The Central Bank of Nigeria (CBN) today, Tuesday, July 27, stopped the sales of forex to the Bureau De Change operators in the country with immediate effect.
The CBN Governor, Godwin Emefiele, made this known after the Monetary Policy Committee two-day meeting in Abuja on Tuesday.
Techeconomy.ng can report that the MPC has retained the Monetary Policy Rate at 11.5 per cent also retained the Cash Reserve Ratio and Liquidity Ratio at 27.5 per cent and 30 per cent respectively at the end of the meeting.
In his words, Emefiele said: “The MPC made the decision to hold all parameters constant. The committee thought by unanimous vote to retain the Monetary Policy Rate at 11.5 per cent.
“In summary, MPC voted as follows, one, retain MPR at 11.5 per cent; retain the asymmetric corridor of +100/-700 basis points around the MPR; retain the CRR at 27.5 per cent; and retain the Liquidity Ratio at 30 per cent.”

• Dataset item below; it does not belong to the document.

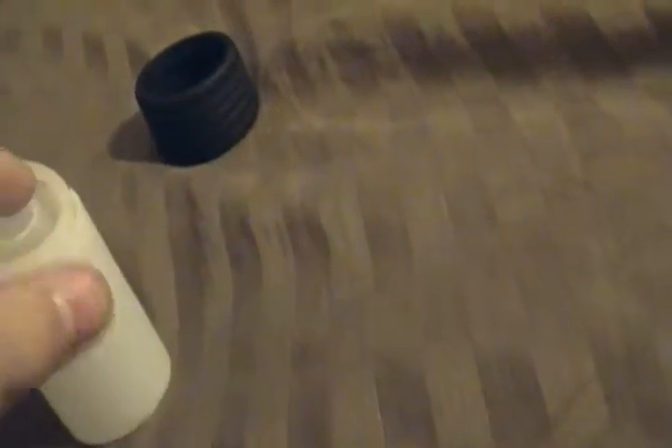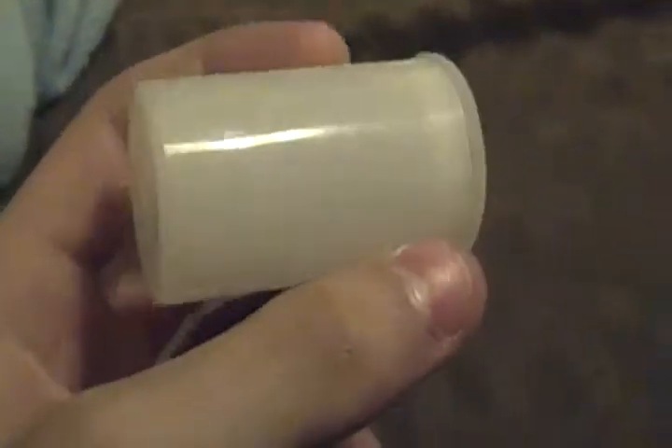Alright, so recently I've been playing around with a few household items of mine, and I was able to make a little lamp type thing out of a clear film canister like this.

Commenting on the decision to stop forex sales to the BDCs, the CBN governor explained that the MPC has raised great concerns that the BDCs had defeated their purpose of existence to provide forex to retail user, but instead, they had become wholesale and illegal dealers.
He added that the BDCs continued to make huge profits while Nigerians suffered in pain, noting that commercial banks would be monitored to provide forex for the legitimate use of Nigerians.
Emefiele said: “The Central Bank will henceforth discontinue the sale of forex to Bureau de Change operators.”